With a little algebra,
$\Delta \lambda=\lambda_1 \lambda_2/(2nd) \approx \lambda^2/(2nd)$.
(Instead of $\lambda^2/(2nd + \lambda)$). (The difference is minimal in any case. It may not affect the numerical result).

Otherwise a very excellent post.

I also once ran (many years ago) a transmission spectrum (with a diffraction grating type spectrometer/monochromator) on a mica platelet that was $d=.018$ mm thick and it showed the same type of spacing of the transmission peaks, i.e. $\Delta \lambda=\lambda^2/(2nd)$.

Perhaps it is a very side item, but worth mentioning=If the thickness starts getting much greater than about one tenth of a millimeter, you do need to start making sure the source is sufficiently collimated or the interference will wash out from variations in the optical path distance, where the angular dependence of the optical path difference between the incident and doubly reflected beams is $\Delta=2 nd \cos(\theta_r)$ if I remember correctly. (The thicker platelet has Newton rings that are more closely spaced in angle).

 

[Gleb1964]

$m \lambda = 2nd \cos(\theta)$
$(m-1)( \lambda+\Delta \lambda) = 2nd \cos(\theta)$

From here I have:
$m = \frac{( \lambda+\Delta \lambda)}{\Delta \lambda}$

$\frac{( \lambda+\Delta \lambda)}{\Delta \lambda} \cdot \lambda = 2nd \cos(\theta)$

Finaly $\Delta \lambda = \frac{ \lambda^{2}} {2nd \cos(\theta) - \lambda}$

Which is exactly matching the data.
* Remark - $\Delta \lambda$ can be "+" or "-" ,depending what wavelength and order you consider to be the main.
But you are right that the difference in very small.

 

[Charles Link]

@Gleb1964 The term is very insignificant, but if you go the other way and write $(m+1 )(\lambda-\Delta \lambda)=2nd \cos{\theta}$, you then get $\Delta \lambda=\lambda^2/(2nd \cos{\theta}+\lambda)$.

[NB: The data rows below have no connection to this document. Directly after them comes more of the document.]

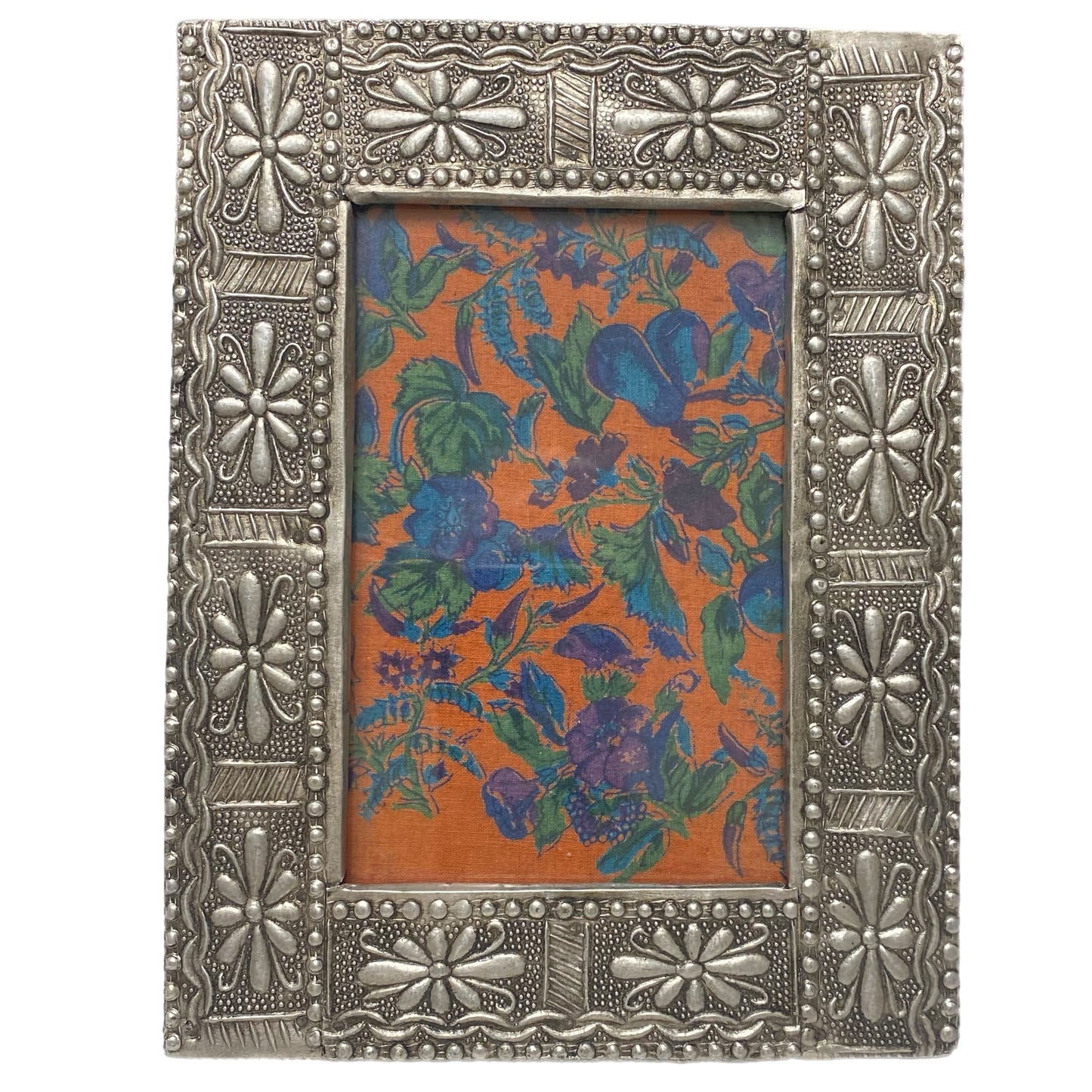 April Cornell Photo Frame Decorative Silver Floral Finish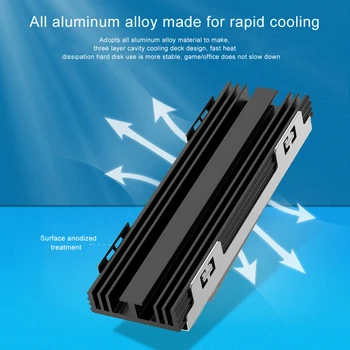 Aliuminio Aušinimo M. 2 SSD Šilumos Kriaukle Šilumos Pagalvėlės Šilumos Išsklaidymo NGFF PCIE NVME Kietojo Standžiojo Disko Radiatorius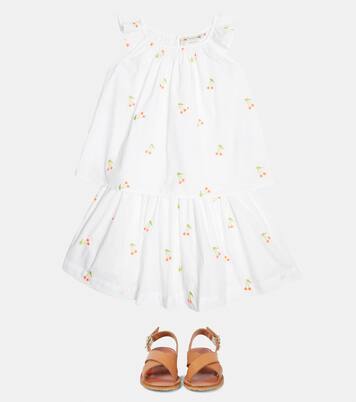 Genia embroidered cotton blouse | Bonpoint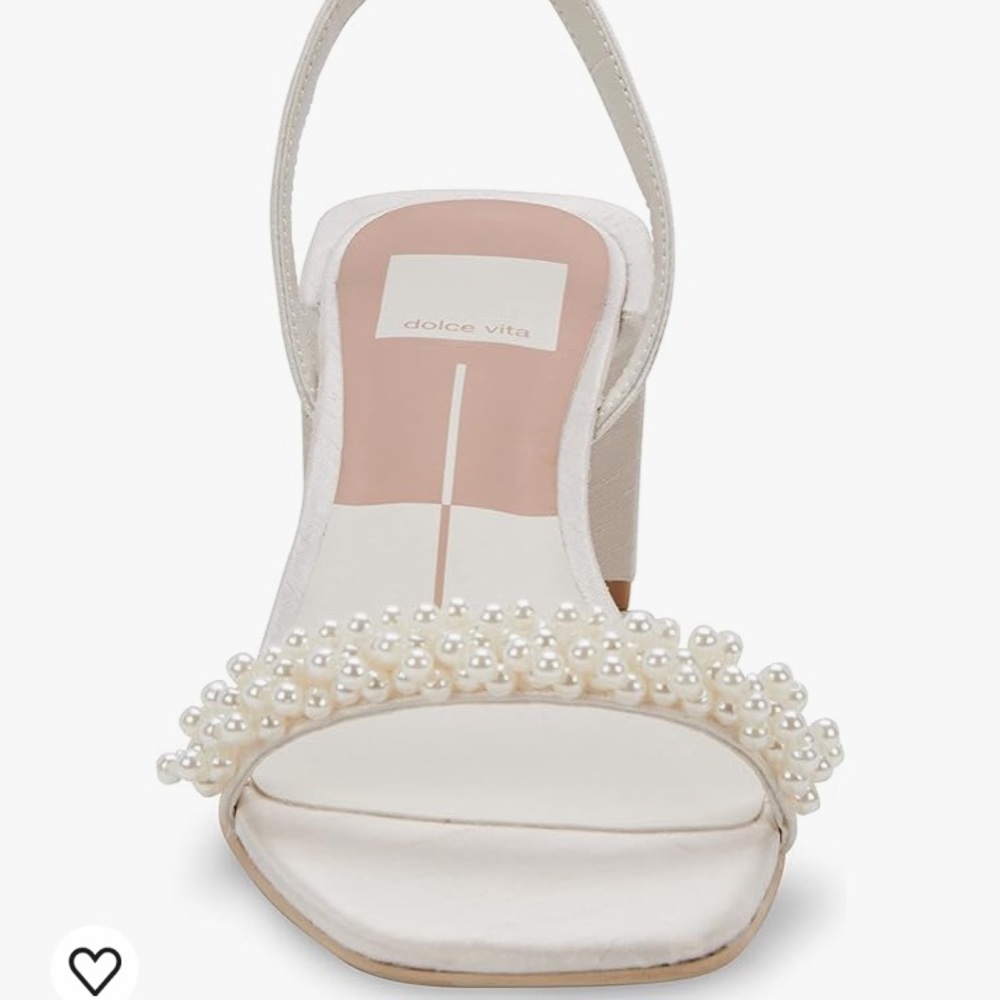 Pearl Heels Strappy Block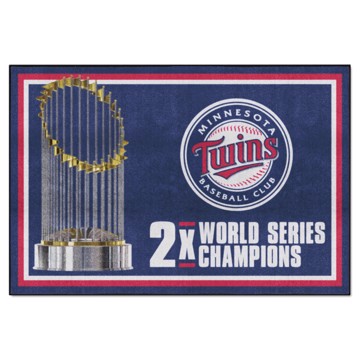 Picture of Minnesota Twins Dynasty 5x8 Rug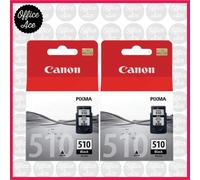 Twin Pack Genuine Canon PG510 Ink Cartridge - Black For Canon PIXMA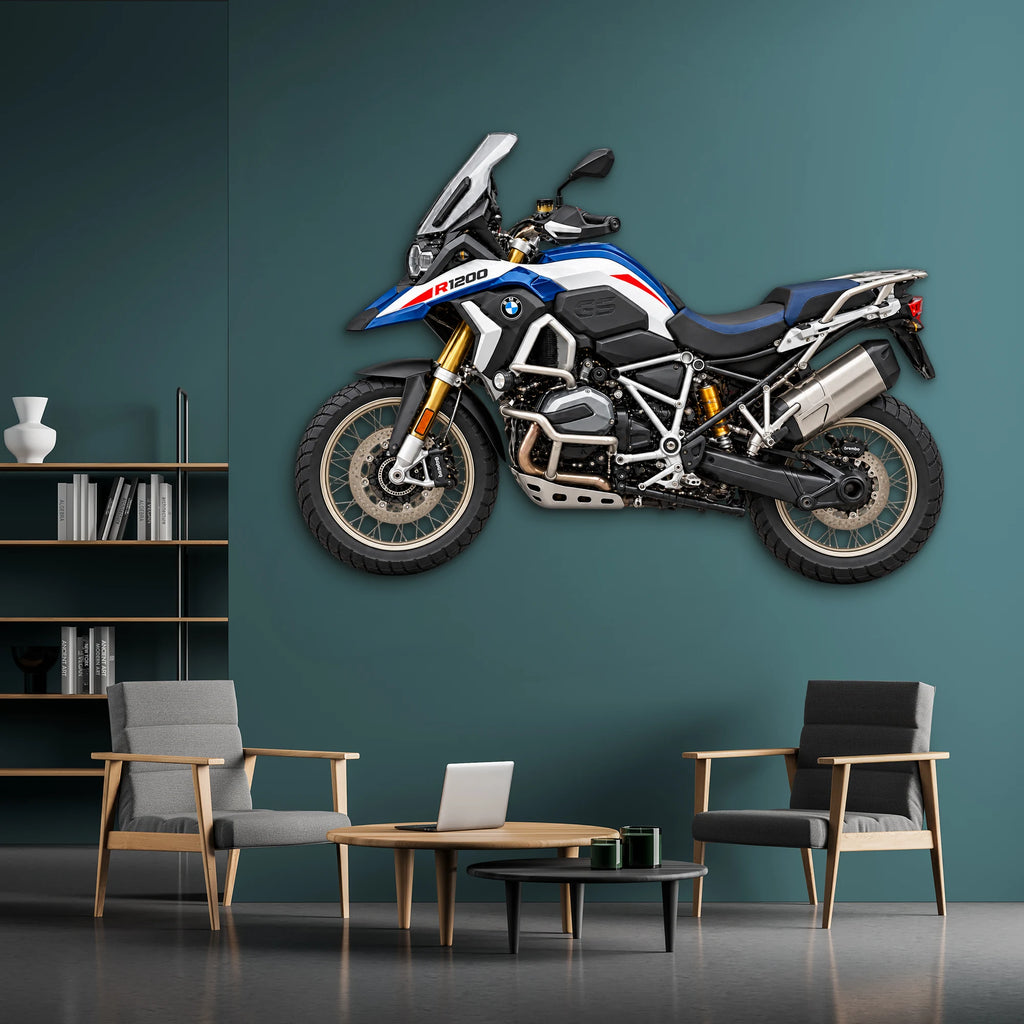 Macera Motosikleti Yan Görünüm Metal Tablo DEC0224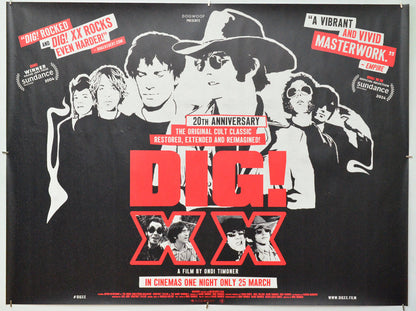 Dig! XX - Original Quad Poster - Film Poster - Movie Poster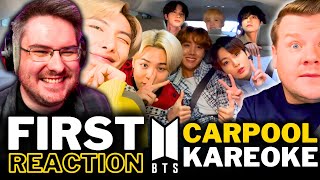 NON KPOP FAN REACTS TO BTS CARPOOL KARAOKE For The FIRST TIME  BTS REACTION [upl. by Enirehtahc117]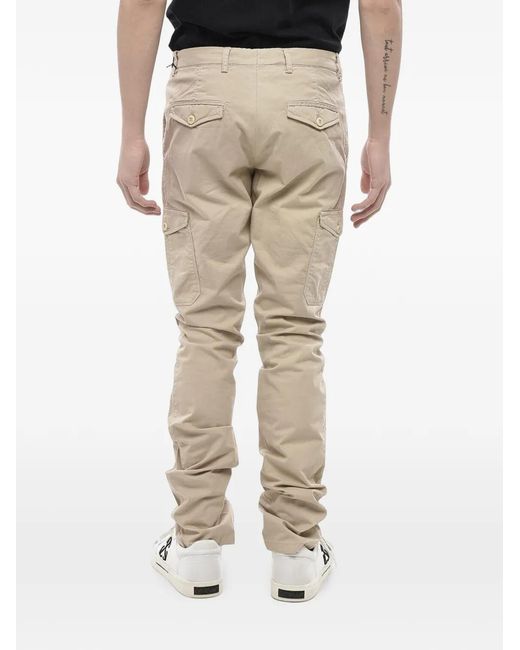 Corneliani Natural Slim-Fit Cotton Cargo Trousers for men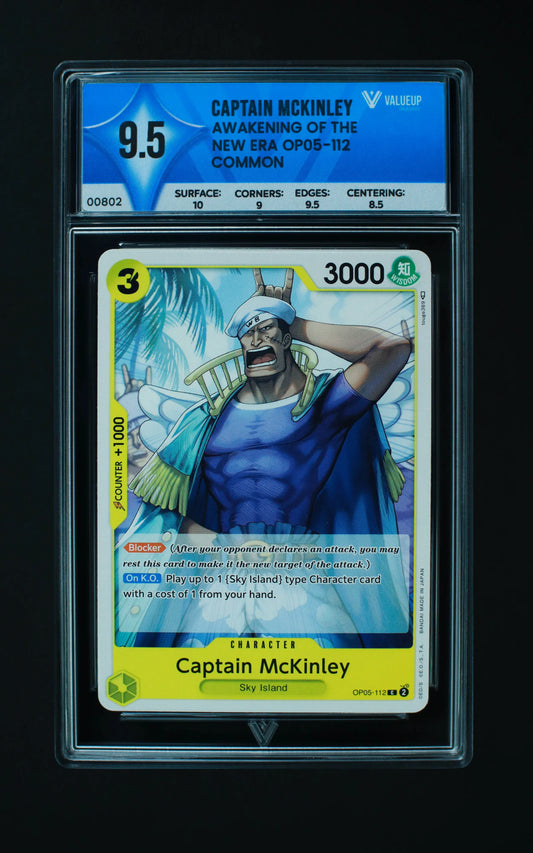 00802 CAPTAIN MCKINLEY Grading Card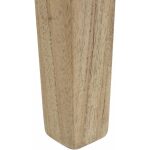 Mesita Natural Madera Mindi Dormitorio 50 X 32 X 72 Cm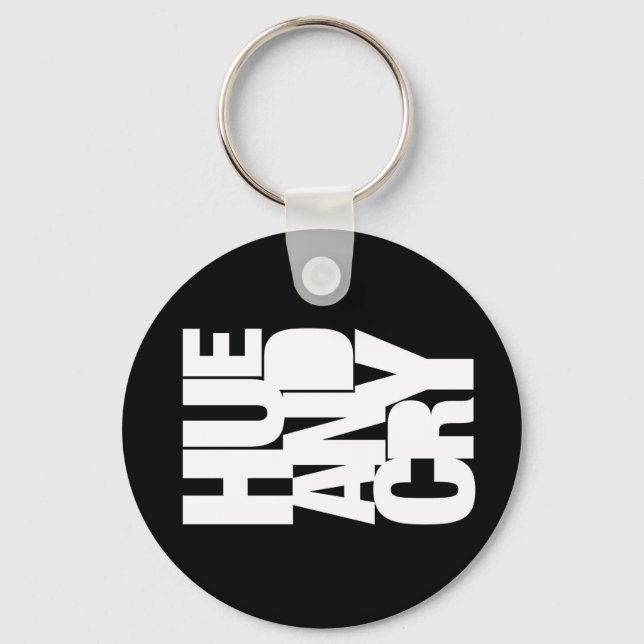 Llavero Hue and Cry - Keychain (Negro) (Anverso)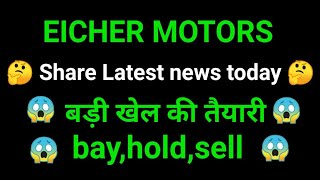 eicher motors share news today l eicher motors share price today I eicher motors share latest news [upl. by Noroj]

My suggestion is to leave off the $\pm \lambda$ term in the denominator. It simplifies matters, although it may not appreciably affect any numerical result, but I think it will then agree with what you might find in the literature.

and I saw your edit above. Very good. :)

 

[Gleb1964]

The difference of $\pm \lambda$ term is getting very insignificant at large m, but it may be significant at low order. Otherwise the formula with $\pm \lambda$ is exact and approximal without $\pm \lambda$ term.

 

[Gleb1964]

Thank you for this excellent input!
Can you do a tl;dr of your post to summarize:

• what this experiment tells you about the coherence-length of your halogen thermal source?
• how this informs the design of wideband interference filters?

The experiment is a demonstration of "a very thick coating" where the path length between interfered beams are many times exceed formal "coherence length" of unfiltered thermal source. Halogen lamp used in experiment can be approximated by a Black Body radiation with the temperature about 2600K.

The white light is consist of many independent emission acts, so called wave trains.
Every wave train can only interfere with itself and they do not interfere with each other. If the path shift exceed the length of the wave train, it is not capable to produce an interference.

We are meaning the coherence as ability to produce stationary interference picture on detector (screen), where detector is performing unilinear respond to the squared amplitude of electromagnetic wave. Strictly saying interference always happened only at detector (or screen), not at interference layers of coating, but sometimes we can speak about interference at layer, meaning that result interference would be at detector (!).

The coherence length of independent wave trains are much-much longer compare to the coherence length of combined white light. Would be wave trains infinity long they would be absolutely monochromatic and would not be able to transmit any energy. Because the wave trains are limited in length they have finit bandwidth.

How long can be wave trains for unfiltered sunlight is disputable, I don't have a solid digit, but I know it is in an order of tens of cm and may be up to meters going into NIR range.

Calculation of broadband coating can be done by splitting the spectral range in many wavelength and calculating them separately, handling any of wavelength as with "infinity long coherence" compare to the coating thickness.